### Your task
Find the word "sale" below. Copy each line that has it.

[Opening Given records section]

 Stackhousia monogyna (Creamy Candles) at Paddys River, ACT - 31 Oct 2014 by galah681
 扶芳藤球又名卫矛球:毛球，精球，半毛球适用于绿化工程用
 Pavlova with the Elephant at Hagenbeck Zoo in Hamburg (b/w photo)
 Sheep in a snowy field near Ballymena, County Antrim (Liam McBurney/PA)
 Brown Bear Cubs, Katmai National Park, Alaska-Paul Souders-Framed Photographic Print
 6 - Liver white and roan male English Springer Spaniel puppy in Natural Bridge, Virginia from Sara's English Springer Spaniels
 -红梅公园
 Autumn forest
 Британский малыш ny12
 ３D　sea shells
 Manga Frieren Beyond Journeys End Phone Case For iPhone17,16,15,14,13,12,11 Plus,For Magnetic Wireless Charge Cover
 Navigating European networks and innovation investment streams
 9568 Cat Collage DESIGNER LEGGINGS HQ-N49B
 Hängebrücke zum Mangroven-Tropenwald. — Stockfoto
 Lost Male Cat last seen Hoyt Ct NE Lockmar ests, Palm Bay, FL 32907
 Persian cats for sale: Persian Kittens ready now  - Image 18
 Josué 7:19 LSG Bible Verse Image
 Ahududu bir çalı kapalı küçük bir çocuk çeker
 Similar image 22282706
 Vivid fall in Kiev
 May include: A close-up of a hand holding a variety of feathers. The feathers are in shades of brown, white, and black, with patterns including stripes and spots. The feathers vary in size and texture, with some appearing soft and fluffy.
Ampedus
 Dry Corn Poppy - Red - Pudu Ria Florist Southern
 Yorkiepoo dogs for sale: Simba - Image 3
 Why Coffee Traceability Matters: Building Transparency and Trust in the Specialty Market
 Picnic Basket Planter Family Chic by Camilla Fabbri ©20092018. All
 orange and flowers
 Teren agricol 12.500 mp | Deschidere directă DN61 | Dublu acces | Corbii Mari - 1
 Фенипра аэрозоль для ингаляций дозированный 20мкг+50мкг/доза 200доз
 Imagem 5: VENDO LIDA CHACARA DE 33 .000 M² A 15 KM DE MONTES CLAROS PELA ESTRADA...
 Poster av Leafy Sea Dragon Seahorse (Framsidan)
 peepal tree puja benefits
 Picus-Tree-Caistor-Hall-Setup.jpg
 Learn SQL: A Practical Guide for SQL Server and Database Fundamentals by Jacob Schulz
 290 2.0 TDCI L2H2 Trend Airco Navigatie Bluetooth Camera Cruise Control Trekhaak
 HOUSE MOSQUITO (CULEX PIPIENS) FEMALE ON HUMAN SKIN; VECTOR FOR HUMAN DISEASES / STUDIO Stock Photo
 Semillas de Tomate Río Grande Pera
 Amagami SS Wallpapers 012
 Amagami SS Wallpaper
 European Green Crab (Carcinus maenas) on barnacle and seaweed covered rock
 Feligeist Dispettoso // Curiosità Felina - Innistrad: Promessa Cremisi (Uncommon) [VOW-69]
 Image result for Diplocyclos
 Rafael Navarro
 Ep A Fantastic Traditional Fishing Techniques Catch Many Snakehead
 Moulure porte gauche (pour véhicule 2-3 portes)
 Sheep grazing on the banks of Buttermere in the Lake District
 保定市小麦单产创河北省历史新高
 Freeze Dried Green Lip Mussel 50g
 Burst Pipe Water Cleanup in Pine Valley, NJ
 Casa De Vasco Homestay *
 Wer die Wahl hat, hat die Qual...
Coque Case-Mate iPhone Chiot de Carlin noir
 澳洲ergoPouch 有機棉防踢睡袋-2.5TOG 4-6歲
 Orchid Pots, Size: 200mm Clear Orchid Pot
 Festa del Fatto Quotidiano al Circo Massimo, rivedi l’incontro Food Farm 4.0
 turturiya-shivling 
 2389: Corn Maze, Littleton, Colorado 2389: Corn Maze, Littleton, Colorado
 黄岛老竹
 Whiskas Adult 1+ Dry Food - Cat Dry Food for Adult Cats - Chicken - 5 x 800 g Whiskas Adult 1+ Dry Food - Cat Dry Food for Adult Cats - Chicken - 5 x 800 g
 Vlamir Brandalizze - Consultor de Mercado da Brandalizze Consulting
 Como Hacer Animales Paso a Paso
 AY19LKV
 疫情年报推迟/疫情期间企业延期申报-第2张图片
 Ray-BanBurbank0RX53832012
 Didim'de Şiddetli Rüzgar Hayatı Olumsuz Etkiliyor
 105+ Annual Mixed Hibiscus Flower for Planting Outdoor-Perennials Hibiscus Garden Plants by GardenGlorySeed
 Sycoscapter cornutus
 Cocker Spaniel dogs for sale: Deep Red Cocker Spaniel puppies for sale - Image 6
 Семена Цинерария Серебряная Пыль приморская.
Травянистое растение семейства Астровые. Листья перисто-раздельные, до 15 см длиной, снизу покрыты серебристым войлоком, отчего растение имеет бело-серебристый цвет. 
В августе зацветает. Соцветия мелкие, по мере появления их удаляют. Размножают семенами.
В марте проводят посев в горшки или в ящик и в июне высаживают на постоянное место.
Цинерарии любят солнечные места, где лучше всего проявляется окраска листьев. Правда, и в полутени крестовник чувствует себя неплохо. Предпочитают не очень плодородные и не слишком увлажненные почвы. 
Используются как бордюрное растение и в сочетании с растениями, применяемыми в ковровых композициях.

[Closing Given records section]

### Expected answer
 Persian cats for sale: Persian Kittens ready now  - Image 18
 Yorkiepoo dogs for sale: Simba - Image 3
 Cocker Spaniel dogs for sale: Deep Red Cocker Spaniel puppies for sale - Image 6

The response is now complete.